EXERCISE AIM:
An exact copy of every record, without the pictures, is what should come back.
── EXTRACTED ENTRIES ──
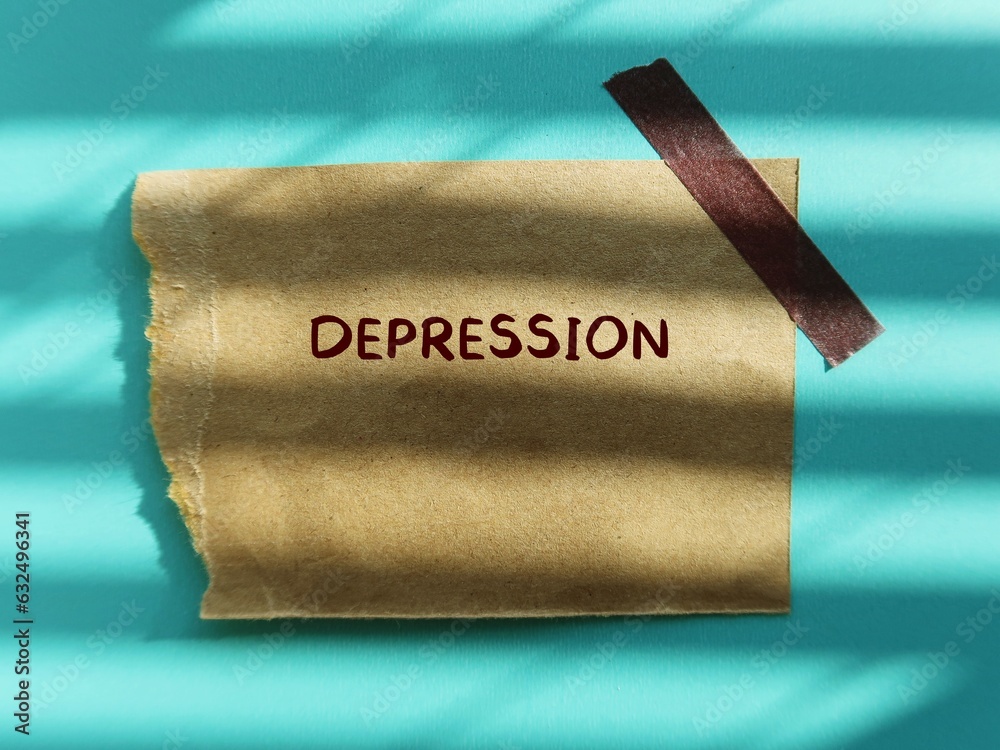 On blue background, torn brown paper with handwritten text DEPRESSION ...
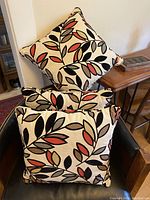 Set of three square pillows stacked in chair, showing abstract leaf design in cinnamon, green, grey with black velvet outlines.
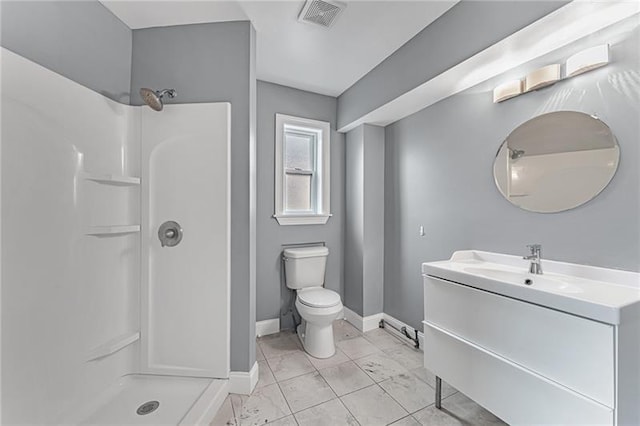 bathroom with walk in shower, vanity, and toilet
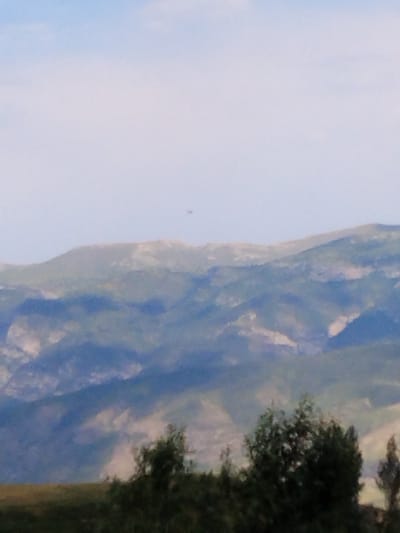 The image depicts a distant view of rolling hills and mountains under a hazy, light blue sky. The landscape appears to be sparsely vegetated, with shades of green, brown, and blue dominating the scene. In the foreground, the tops of dark green trees are visible, suggesting a natural, possibly rural or mountainous, setting. There is a small, dark, indistinct object visible in the sky above the distant mountains, too small and blurry to identify. The overall impression is one of a vast, open natural landscape with a clear sky. The location is identified as Ак-Дөбө, Kyrgyzstan.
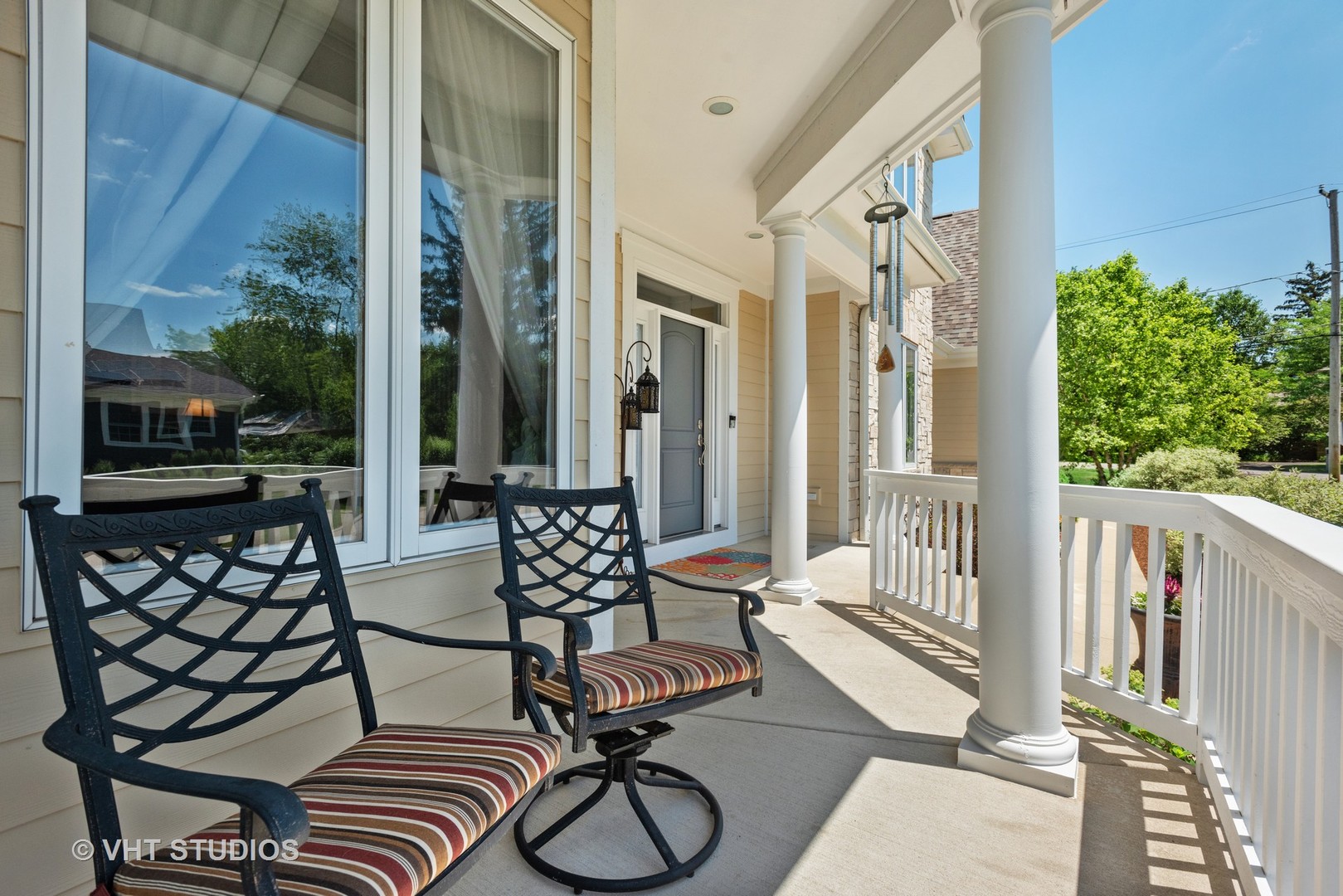 N210 Silverleaf Boulevard Wheaton, IL 60187 - Photo 8 of 48 a view of a balcony with chairs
───
ANSWER SECTION:
 On blue background, torn brown paper with handwritten text DEPRESSION ...
 Set of three square pillows stacked in chair, showing abstract leaf design in cinnamon, green, grey with black velvet outlines.
 bathroom with walk in shower, vanity, and toilet
 The image depicts a distant view of rolling hills and mountains under a hazy, light blue sky. The landscape appears to be sparsely vegetated, with shades of green, brown, and blue dominating the scene. In the foreground, the tops of dark green trees are visible, suggesting a natural, possibly rural or mountainous, setting. There is a small, dark, indistinct object visible in the sky above the distant mountains, too small and blurry to identify. The overall impression is one of a vast, open natural landscape with a clear sky. The location is identified as Ак-Дөбө, Kyrgyzstan.
 N210 Silverleaf Boulevard Wheaton, IL 60187 - Photo 8 of 48 a view of a balcony with chairs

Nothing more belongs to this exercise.